It's easy to spot the cynical uses of affective computing, especially once it becomes readily available through consumer fitness monitors. Tracking devices won't be faddish forever; as soon as wearables start offering better tools than step-counting, such as measuring stress levels, and once the data they provide becomes interesting to other companies that are willing to incentivize them—in other words, to distribute them for free, adding points and discounts for their products—we'll see more adoption and stronger traction.

Sensaura and software like it could be the holy grail for advertisers, who will be able to adapt their interactions based on the user's emotional response. If marketing isn't a science yet, it will be.

Rafael Calvo thinks affective computing can do better than to make us vulnerable to companies that want to prey on our emotions. Calvo, a professor at the University of Sydney in Australia, has a PhD in artificial intelligence, and focuses on creating software systems "that support rather than hinder psychological well-being and mental health," he told me over Skype.
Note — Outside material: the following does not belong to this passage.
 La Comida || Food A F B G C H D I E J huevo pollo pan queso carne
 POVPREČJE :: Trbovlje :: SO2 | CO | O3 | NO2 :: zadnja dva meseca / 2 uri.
He's part of a Positive Computing movement, whose premise is that design for well-being should be part of the design for all technology in the future. Calvo's guiding principle is that affective computing should promote human autonomy, such as tutoring software that knows how the student feels and adjusts accordingly to create appropriate challenges, or programs that make it easier for workers in "male-dominated industries" to overcome the stigma of seeking help for mental health. In this vision, kinder, gentler computers will offer customized assistance on our path to becoming more competent and confident people.

The dream of positive computing may seem like a fantasy, but consumers prefer technologies that give them a feeling of control. The alternative won't make anyone joyful or excited. "[Agency] is a huge factor in psychological well-being," Calvo said. "If you feel manipulated, you're much more likely to experience mental illness."